Chapter 3 focuses on the elements of good coding style. The short version is very familiar. At the beginning of the chapter the following themes are listed:
I found the section on documentation interesting, because it focuses very heavily on code comments (which generally target developers maintaining or extending the code), whereas most of my experience with writing documentation targets users who need to call the code. In that sense it seems like there’s a meaningful difference between documentation for developers and documentation for users. The chapter seems to focus more on the former than the latter: regular users don’t look at the source code to work out how to interact with the public facing API, they look for tutorials, API reference pages, and so on. It’s only the devs (which, could of course include anyone submitting a pull request) who read the code comments!
With that in mind, one thing I found especially interesting is that the book advocates for a much more verbose commenting style than I typically see in the wild (either in C++ or R). Here’s what I mean. The book uses the example of a saveRecord()
function with this signature:
int saveRecord(Record& record);
There’s no actual source code provided, but maaaaaaaybe someone reading the source code would work out that this function will throw an exception if openDatabase()
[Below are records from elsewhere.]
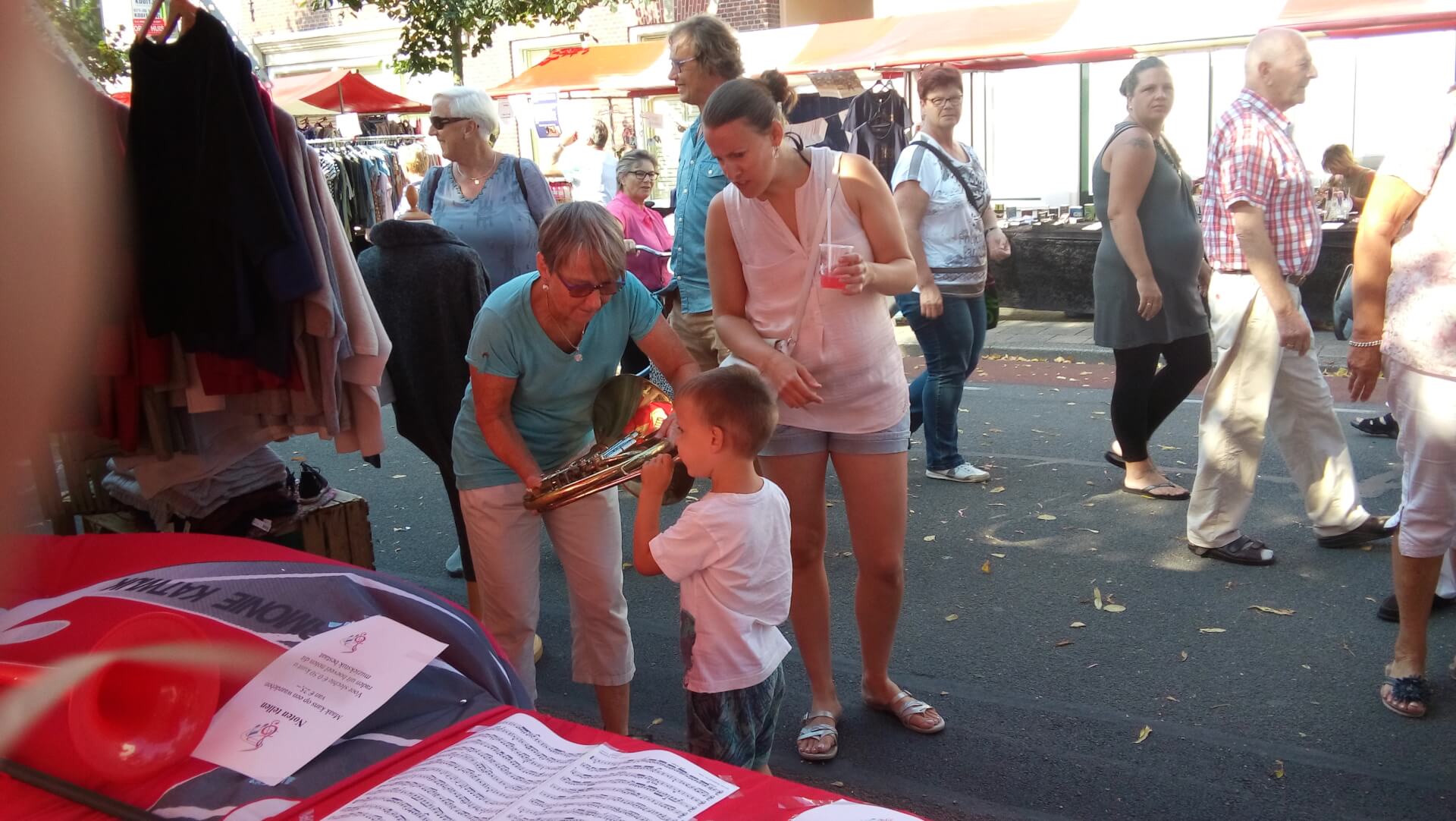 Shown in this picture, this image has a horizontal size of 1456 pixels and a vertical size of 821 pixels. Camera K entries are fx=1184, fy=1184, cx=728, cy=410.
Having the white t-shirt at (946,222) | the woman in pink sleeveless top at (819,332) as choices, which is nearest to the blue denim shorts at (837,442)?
the woman in pink sleeveless top at (819,332)

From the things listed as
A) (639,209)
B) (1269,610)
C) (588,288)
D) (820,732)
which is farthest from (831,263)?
(639,209)

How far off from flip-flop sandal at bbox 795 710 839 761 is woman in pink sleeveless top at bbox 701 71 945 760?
17 mm

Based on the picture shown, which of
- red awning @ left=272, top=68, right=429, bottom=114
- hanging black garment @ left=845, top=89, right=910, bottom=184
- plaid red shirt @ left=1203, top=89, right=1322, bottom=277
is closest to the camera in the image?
plaid red shirt @ left=1203, top=89, right=1322, bottom=277

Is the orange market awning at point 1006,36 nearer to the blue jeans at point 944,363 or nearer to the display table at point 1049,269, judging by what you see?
the display table at point 1049,269

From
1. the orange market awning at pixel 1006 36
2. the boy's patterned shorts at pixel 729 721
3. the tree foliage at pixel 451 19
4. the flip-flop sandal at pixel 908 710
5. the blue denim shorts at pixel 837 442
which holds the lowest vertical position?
the flip-flop sandal at pixel 908 710

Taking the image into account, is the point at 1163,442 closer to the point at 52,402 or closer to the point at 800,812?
the point at 800,812

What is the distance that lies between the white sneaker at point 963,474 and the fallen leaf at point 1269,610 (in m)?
1.98

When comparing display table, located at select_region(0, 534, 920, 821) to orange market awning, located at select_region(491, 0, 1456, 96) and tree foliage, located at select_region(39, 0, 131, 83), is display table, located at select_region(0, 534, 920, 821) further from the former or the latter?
orange market awning, located at select_region(491, 0, 1456, 96)

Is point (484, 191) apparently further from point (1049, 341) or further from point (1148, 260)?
point (1049, 341)

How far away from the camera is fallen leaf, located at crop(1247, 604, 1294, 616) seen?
4188 millimetres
has not yet been called. However, the most likely scenario is that it’s a pain in the arse for the reader of the code – per the fundamental law of programming that code is harder to read than to write – so it’s best to preface the source code with a comment like this:
// Throws:
// DatabaseNotOpenedException if the openDatabase() method
// has not been called yet
int saveRecord(Record& record);
There are other things about this function that might not be obvious. Someone reading the code might notice that the record
argument has type Record&
: it’s a reference to a non-const. A reader might wonder if that ought to be const Record&
, so this should be explained:
// Parameters:
// record: If the given record does not yet have a database
// ID, then the method modifies the record object to store
// the ID assigned by the database
// Throws:
// DatabaseNotOpenedException if the openDatabase() method
// has not been called yet
int saveRecord(Record& record);
That makes a lot more sense. The record
argument cannot be declared const
because it’s possible that the saveRecord()
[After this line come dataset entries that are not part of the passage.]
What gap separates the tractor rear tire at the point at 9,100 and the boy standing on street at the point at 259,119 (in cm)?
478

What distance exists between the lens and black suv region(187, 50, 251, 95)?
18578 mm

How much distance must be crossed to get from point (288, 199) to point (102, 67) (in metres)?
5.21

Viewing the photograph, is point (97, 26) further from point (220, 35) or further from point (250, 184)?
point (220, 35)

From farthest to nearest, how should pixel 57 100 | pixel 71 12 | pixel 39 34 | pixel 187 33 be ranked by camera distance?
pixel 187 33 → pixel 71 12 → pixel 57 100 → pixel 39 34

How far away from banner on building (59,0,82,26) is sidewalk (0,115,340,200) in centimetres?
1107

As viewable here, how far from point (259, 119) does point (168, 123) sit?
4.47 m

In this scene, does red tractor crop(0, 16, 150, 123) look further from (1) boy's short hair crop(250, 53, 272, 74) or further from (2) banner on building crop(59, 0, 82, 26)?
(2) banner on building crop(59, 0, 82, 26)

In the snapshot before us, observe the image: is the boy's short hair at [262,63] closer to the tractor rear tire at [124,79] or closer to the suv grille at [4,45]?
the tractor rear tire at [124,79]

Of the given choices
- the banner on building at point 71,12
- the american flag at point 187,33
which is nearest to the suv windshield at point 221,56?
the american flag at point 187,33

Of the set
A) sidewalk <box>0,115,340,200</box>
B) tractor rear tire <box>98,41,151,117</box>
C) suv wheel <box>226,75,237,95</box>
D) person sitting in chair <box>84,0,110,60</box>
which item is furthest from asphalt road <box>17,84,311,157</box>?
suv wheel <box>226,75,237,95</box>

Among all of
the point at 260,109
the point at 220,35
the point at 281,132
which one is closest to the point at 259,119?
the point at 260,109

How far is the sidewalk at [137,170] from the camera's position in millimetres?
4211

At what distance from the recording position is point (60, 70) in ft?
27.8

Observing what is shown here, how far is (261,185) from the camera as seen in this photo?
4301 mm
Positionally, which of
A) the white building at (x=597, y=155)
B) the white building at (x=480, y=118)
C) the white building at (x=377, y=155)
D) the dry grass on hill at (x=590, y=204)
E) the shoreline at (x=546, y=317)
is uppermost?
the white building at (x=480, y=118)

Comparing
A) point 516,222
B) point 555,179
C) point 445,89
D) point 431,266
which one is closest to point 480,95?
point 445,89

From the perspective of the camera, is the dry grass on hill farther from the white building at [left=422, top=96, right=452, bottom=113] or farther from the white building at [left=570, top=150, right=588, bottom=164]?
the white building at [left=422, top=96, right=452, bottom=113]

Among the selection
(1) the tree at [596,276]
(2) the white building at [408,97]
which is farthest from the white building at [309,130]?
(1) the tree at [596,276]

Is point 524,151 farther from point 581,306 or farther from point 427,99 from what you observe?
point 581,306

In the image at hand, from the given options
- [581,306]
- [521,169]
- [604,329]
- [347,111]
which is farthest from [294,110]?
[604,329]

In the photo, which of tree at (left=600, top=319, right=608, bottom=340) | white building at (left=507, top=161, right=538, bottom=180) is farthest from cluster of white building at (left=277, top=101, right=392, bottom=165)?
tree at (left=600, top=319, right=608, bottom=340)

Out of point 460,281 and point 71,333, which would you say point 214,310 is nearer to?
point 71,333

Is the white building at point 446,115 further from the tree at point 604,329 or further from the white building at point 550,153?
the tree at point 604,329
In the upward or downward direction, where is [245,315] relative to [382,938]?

function will modify the original Record
object to which it refers.
As an aside, I’m genuinely delighted to see the author advocating that code comments preserve this level of detail. Over and over again I find myself reading through a code base where it is 100% clear to me that the developer thinks “oh this is obvious, you should just be able to read my code, it is totally self-documenting”. This is almost never true. I’ve seen very little code that is truly self-documenting for a reader who is not the same person as the author. Of course, that doesn’t mean every code base should be meticulously documented, it’s more… if you document at the level where only future-you can easily read the code, then other people will be less inclined to interact with your code. That’s a legitimate choice… the vast majority of my code on GitHub is like that because I’m not looking for other users. I wrote the code for myself, and I’ve documented it to exactly the level required to ensure that future-Danielle (who has similar skills and thought patterns to me, I presume!) will be able to make sense of it.
Anyway, getting back on track, the book then asks the question of whether we should consider extending the documentation even further by explaining the int
return type? We could, for example, do this:
// Parameters:
// record: If the given record does not yet have a database
// ID, then the method modifies the record object to store
// the ID assigned by the database
// Returns: int
// An integer representing the ID of the saved record
// Throws:
// DatabaseNotOpenedException if the openDatabase() method
// has not been called yet
int saveRecord(Record& record);
It’s pretty tempting to do this, because honestly that int
isn’t very comprehensible, and the reader would have to dig into the code a fair ways in order to make sense of it. However, a better approach would be to define a very simple RecordID
class. Most likely, a RecordID
object would simply store an integer, but the mere fact that we’ve defined the class and given it a comprehensible name ensures that the function signature of saveRecord()
is quite a bit more comprehensible:
// Parameters:
// record: If the given record does not yet have a database
// ID, then the method modifies the record object to store
// the ID assigned by the database
// Throws:
// DatabaseNotOpenedException if the openDatabase() method
// has not been called yet
RecordID saveRecord(Record& record);
Plus, it’s a little more future proof: the RecordID
class could be extended later if need be.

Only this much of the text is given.